### TASK TO COMPLETE:
Below are the entries; give again exactly the lines from the one mentioning "CE Fortaleza 07/13/2022" through the one mentioning "Nelly Devuyst Cleansing Milk Hydrocell", inclusive.

### EXTRACTED MATERIAL:
══════════════════════════════
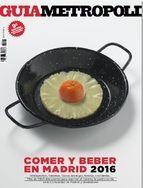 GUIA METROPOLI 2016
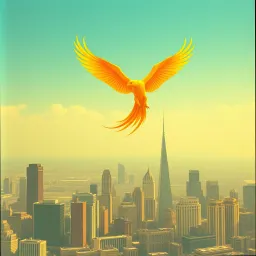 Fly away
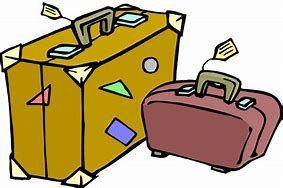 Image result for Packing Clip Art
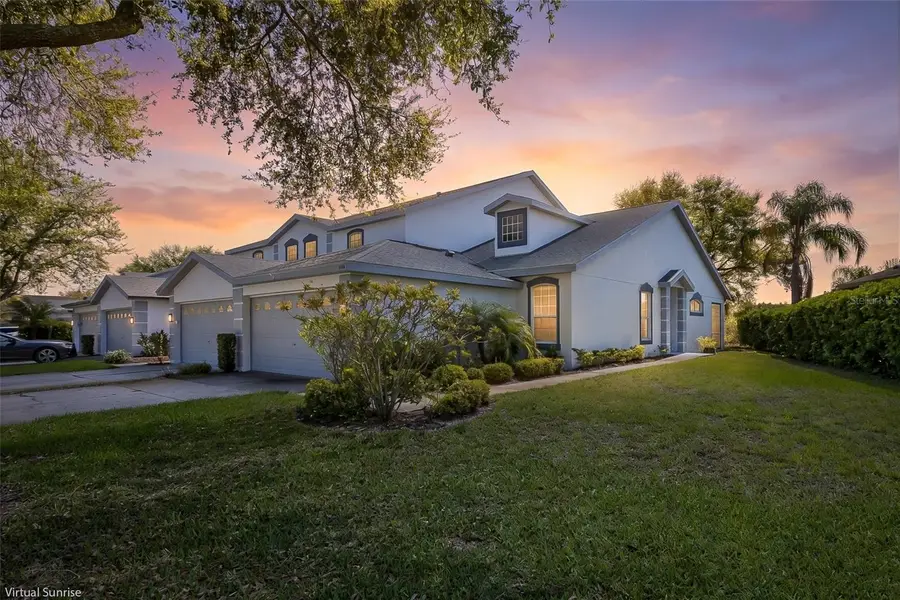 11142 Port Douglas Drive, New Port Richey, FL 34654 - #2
══════════════════════════════
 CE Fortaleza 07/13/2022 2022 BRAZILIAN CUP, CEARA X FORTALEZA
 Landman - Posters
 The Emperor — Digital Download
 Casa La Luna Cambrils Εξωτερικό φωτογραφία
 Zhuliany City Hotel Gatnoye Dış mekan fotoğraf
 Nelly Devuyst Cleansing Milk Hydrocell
══════════════════════════════
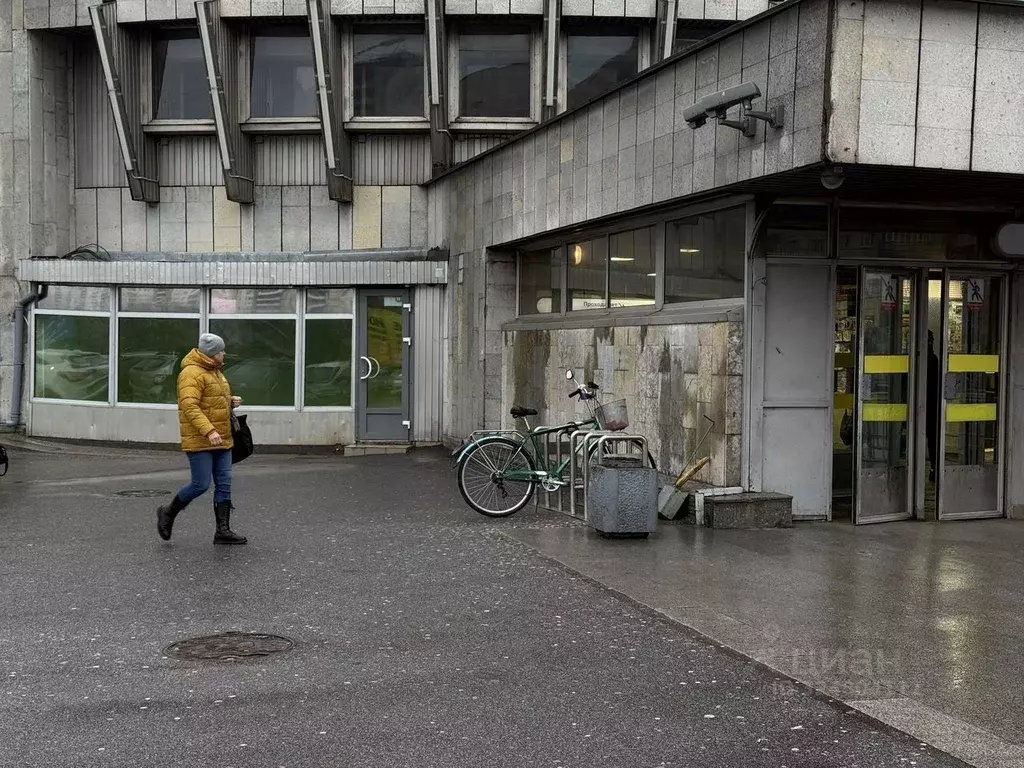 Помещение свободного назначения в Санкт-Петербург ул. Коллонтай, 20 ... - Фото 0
══════════════════════════════
### EXERCISE OUTPUT:
 CE Fortaleza 07/13/2022 2022 BRAZILIAN CUP, CEARA X FORTALEZA
 Landman - Posters
 The Emperor — Digital Download
 Casa La Luna Cambrils Εξωτερικό φωτογραφία
 Zhuliany City Hotel Gatnoye Dış mekan fotoğraf
 Nelly Devuyst Cleansing Milk Hydrocell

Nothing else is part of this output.